Estos barcos pertenecen a lo que se conoce como ‘la edad de oro de la piratería’, cuando Nasáu, la capital de Nueva Providencia, era un centro de operaciones para piratas famosos como Barbanegra y Anne Bonny. Según Wreck Watch, este es el primer hallazgo de barcos de esa época, que abarca desde la última década del siglo XVII hasta las primeras dos del XVIII.
Los exploradores advierten que no se han encontrado pecios enteros, ya que era común que los piratas quemaran las naves saqueadas para eliminar las pruebas de sus crímenes. Michael Pateman, codirector del proyecto, explicó que esta táctica era utilizada para ocultar el pillaje de las autoridades.

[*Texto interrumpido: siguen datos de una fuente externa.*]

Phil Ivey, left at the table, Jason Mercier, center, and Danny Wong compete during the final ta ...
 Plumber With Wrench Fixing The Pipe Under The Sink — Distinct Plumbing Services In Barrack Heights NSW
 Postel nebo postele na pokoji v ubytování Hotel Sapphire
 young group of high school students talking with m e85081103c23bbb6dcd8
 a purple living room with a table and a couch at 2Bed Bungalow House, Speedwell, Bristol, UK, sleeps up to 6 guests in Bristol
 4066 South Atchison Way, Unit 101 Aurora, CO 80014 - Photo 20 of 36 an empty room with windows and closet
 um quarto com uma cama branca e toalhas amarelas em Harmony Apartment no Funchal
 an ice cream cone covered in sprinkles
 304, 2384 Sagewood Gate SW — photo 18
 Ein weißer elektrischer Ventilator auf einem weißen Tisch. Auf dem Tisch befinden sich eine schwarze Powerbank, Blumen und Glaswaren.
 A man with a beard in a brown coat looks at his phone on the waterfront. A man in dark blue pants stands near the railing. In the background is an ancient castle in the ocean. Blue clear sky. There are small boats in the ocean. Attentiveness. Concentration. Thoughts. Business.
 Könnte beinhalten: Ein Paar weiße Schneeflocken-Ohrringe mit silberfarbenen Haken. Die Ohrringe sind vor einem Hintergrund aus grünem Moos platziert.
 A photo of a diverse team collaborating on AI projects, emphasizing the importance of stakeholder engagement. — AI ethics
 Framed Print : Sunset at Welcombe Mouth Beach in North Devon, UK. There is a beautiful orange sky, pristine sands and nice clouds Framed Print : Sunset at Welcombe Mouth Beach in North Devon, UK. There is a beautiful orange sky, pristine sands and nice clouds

El fundador de Wreck Watch, Sean Kingsley, comentó que los piratas caribeños ignoraron los armisticios entre España e Inglaterra que buscaban proteger el comercio transatlántico. Esto resalta la naturaleza desafiante de los piratas durante ese período.
De los restos encontrados, el único barco identificado no es español, sino probablemente inglés, un carguero construido en Londres alrededor de 1740. Este hallazgo incluye botellas de vino, pipas de tabaco, mapas y documentos, lo que sugiere que Nasáu se transformó en un puerto comercial tras recuperarse de la destrucción de 1703.
La causa del naufragio de este barco aún no está clara, ya que no se sabe si se hundió por causas naturales o si fue atacado. La piratería en la región comenzó a declinar durante el siglo XVIII, lo que añade un contexto interesante a estos descubrimientos.